DATA FOR REVIEW Start Marker
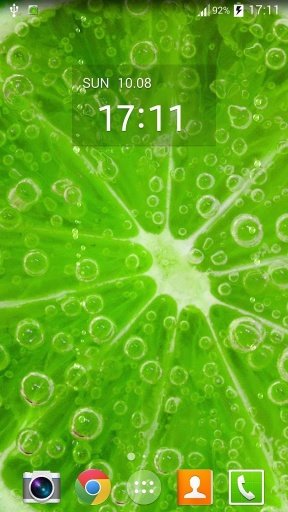 Lime Juice Live Wallpaper截图2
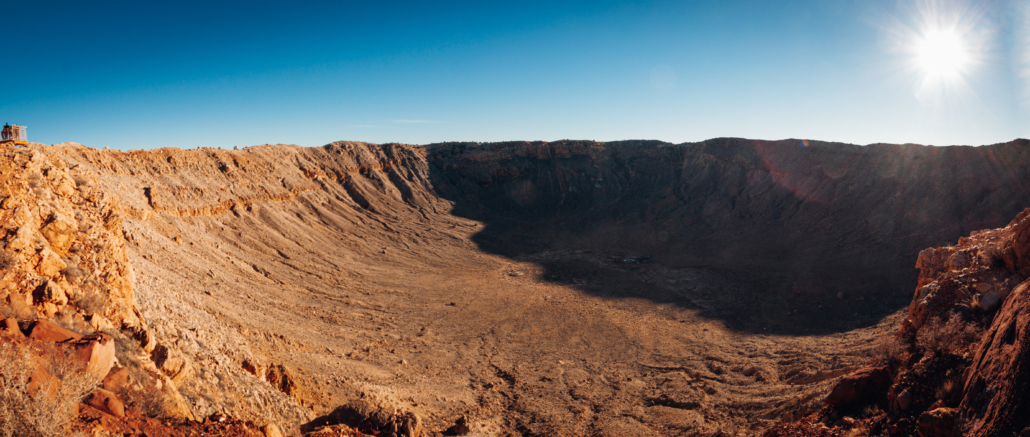 Barringer Crater Arizona Panorama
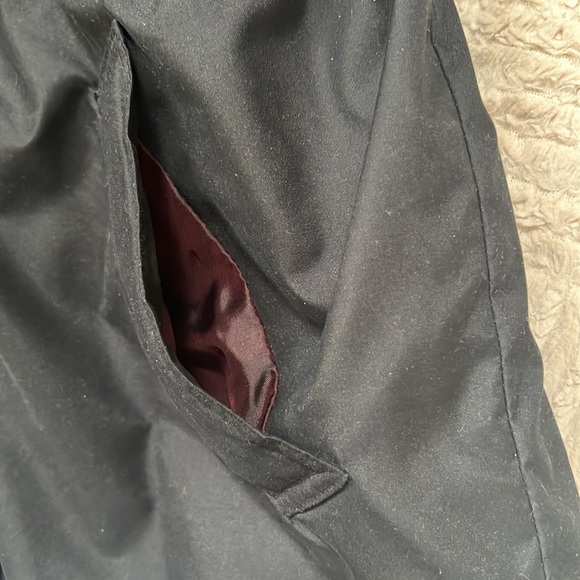 Talbots coat jacket with hood in black Size 8P - Picture 12 of 16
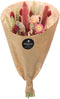 Plant in a Box - Droogbloemen - Boeket 'Pink Cocktail' - Hoogte 35cm - Phalaris - Papaver - Triticum - Setarea - Helichrysum - Lagurus Ovatus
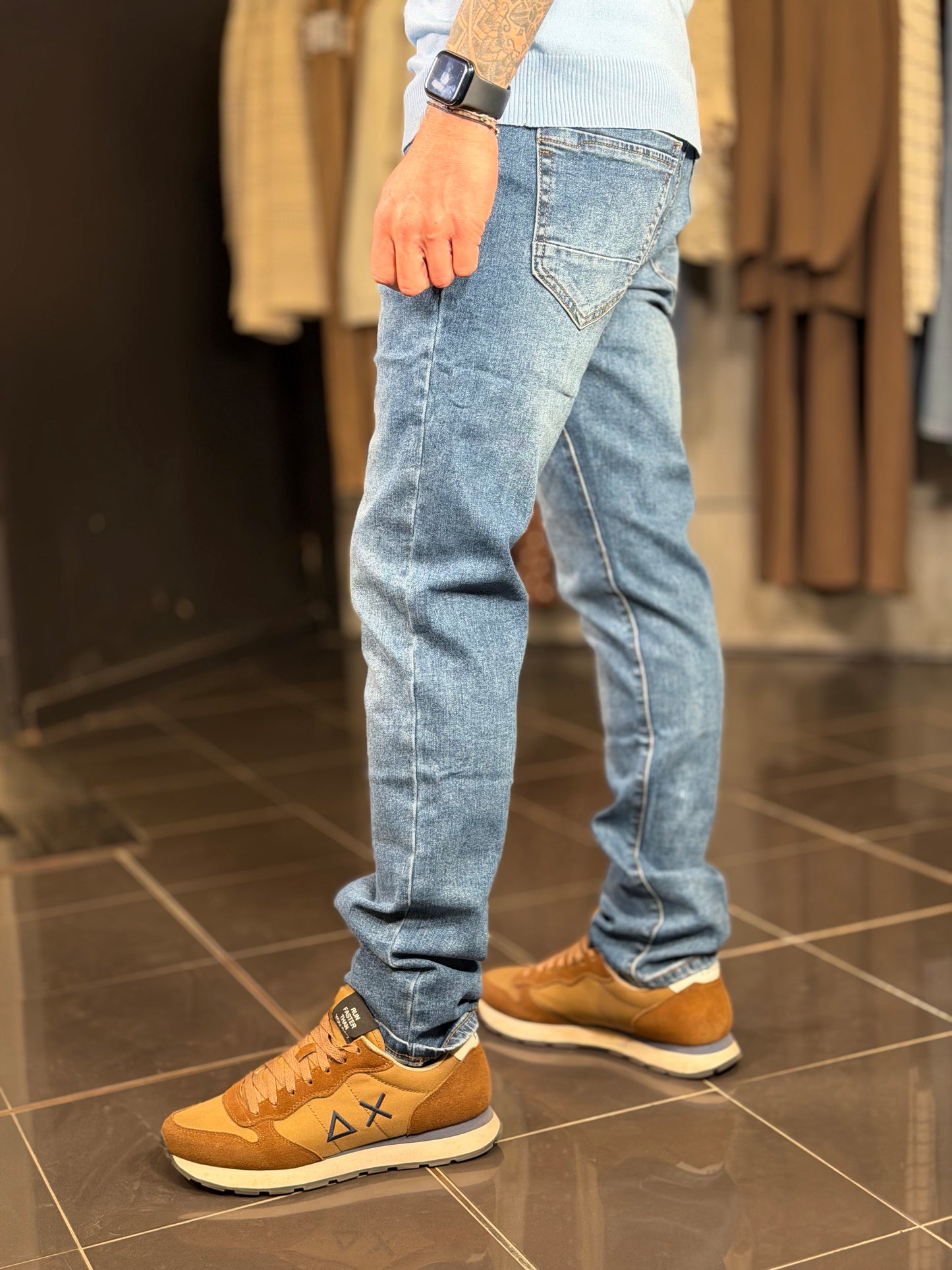 Jeans Slim blu chiaro 2092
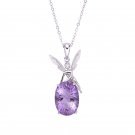 S925 Silver Fairy Natural Amethyst Necklace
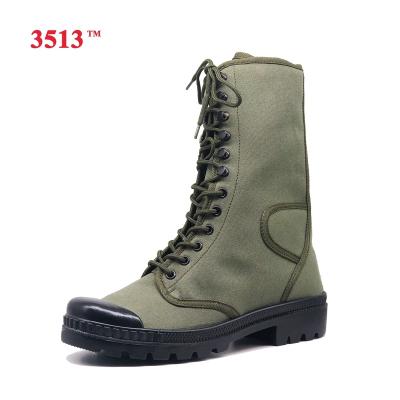 China Army Military Security Green Canvas Military Training Shoes Combat Boots Wholesale for sale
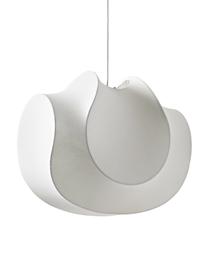 Lámpara de techo Pearl, Pantalla: plástico con aspecto de s, Anclaje: metal con pintura en polv, Cable: cubierto en tela, Blanco mate, An 50 x Al 45 cm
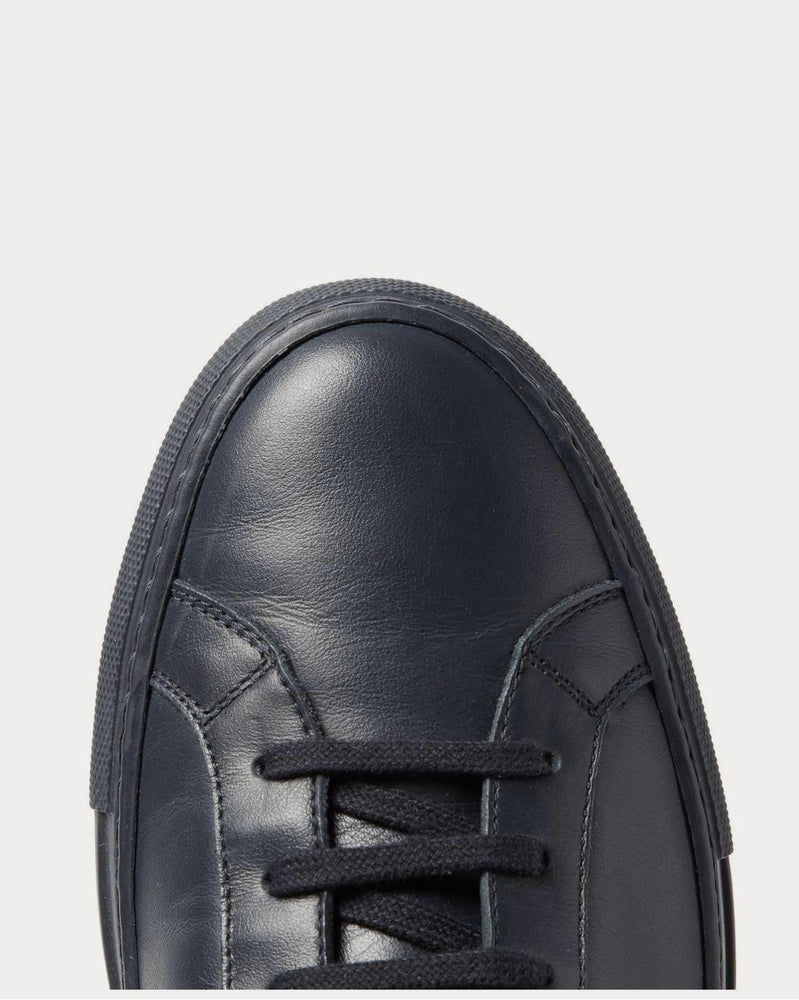 Common Projects Original Achilles Leather  Navy low top sneakers - 5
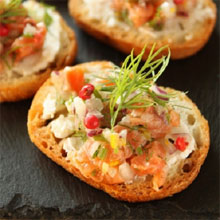 サーモンとクリームチーズのカナッペDEAN & DELUCA 公式
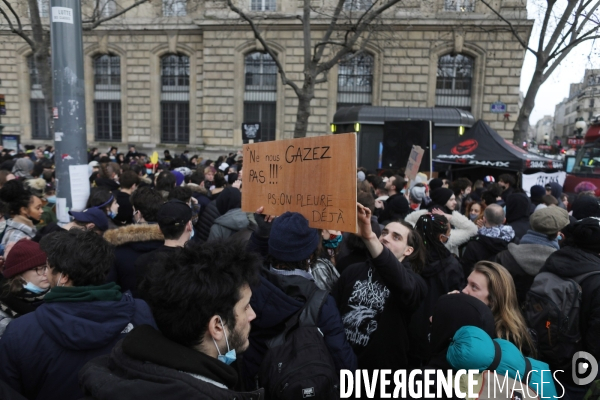 Marche des libertes à Paris contre la loi securite globale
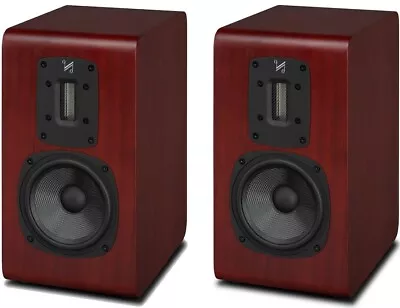 Quad S2 Speakers Bookshelf Compact Best Home Stereo Mahogany Wood - Pair • £585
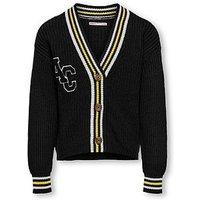 Only Kids Girls College Knitted Cardigan - Black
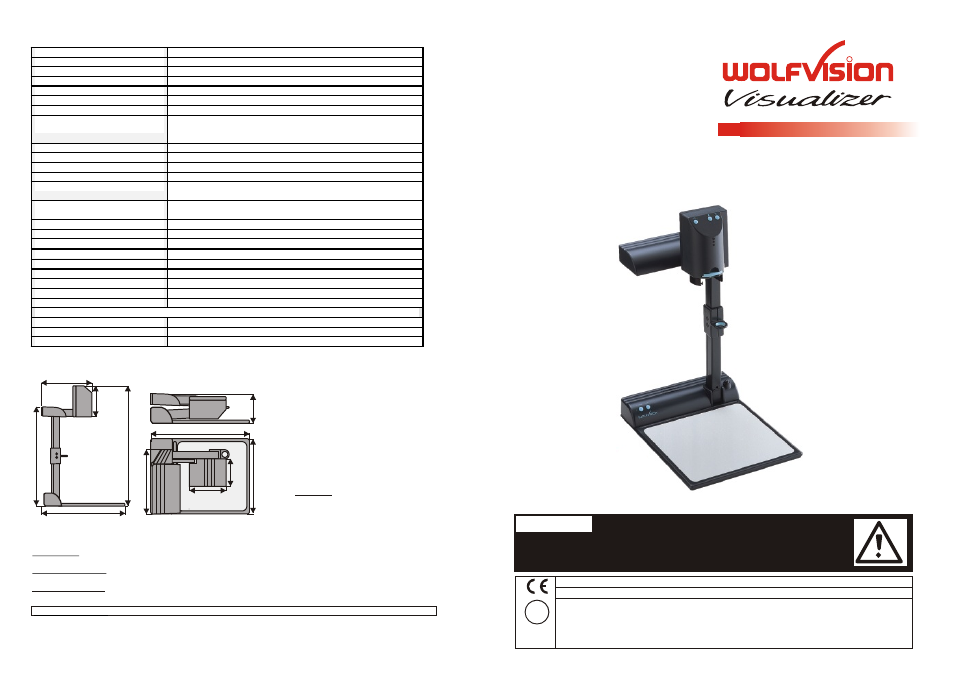 WolfVision VZ-5D User Manual | 2 pages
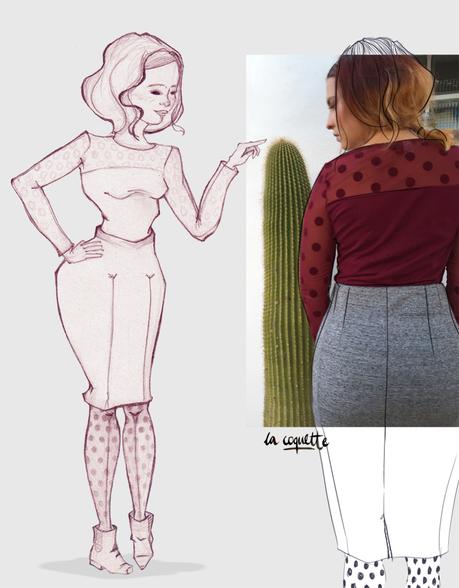 [LUCKY LOOK] Polka dots & Perfecto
DATA FOR REVIEW End Marker
# GOAL OF THE EXERCISE:
The lines to copy exactly start with the line above that has "S925 Silver Fairy Natural Amethyst Necklace" and go on through the line that has "China Army Military"; please include both, add nothing else, and omit the pictures.

# SOLUTION TO THIS TASK:
 S925 Silver Fairy Natural Amethyst Necklace
 China Army Military Security Green Canvas Military Training Shoes Combat Boots Wholesale for sale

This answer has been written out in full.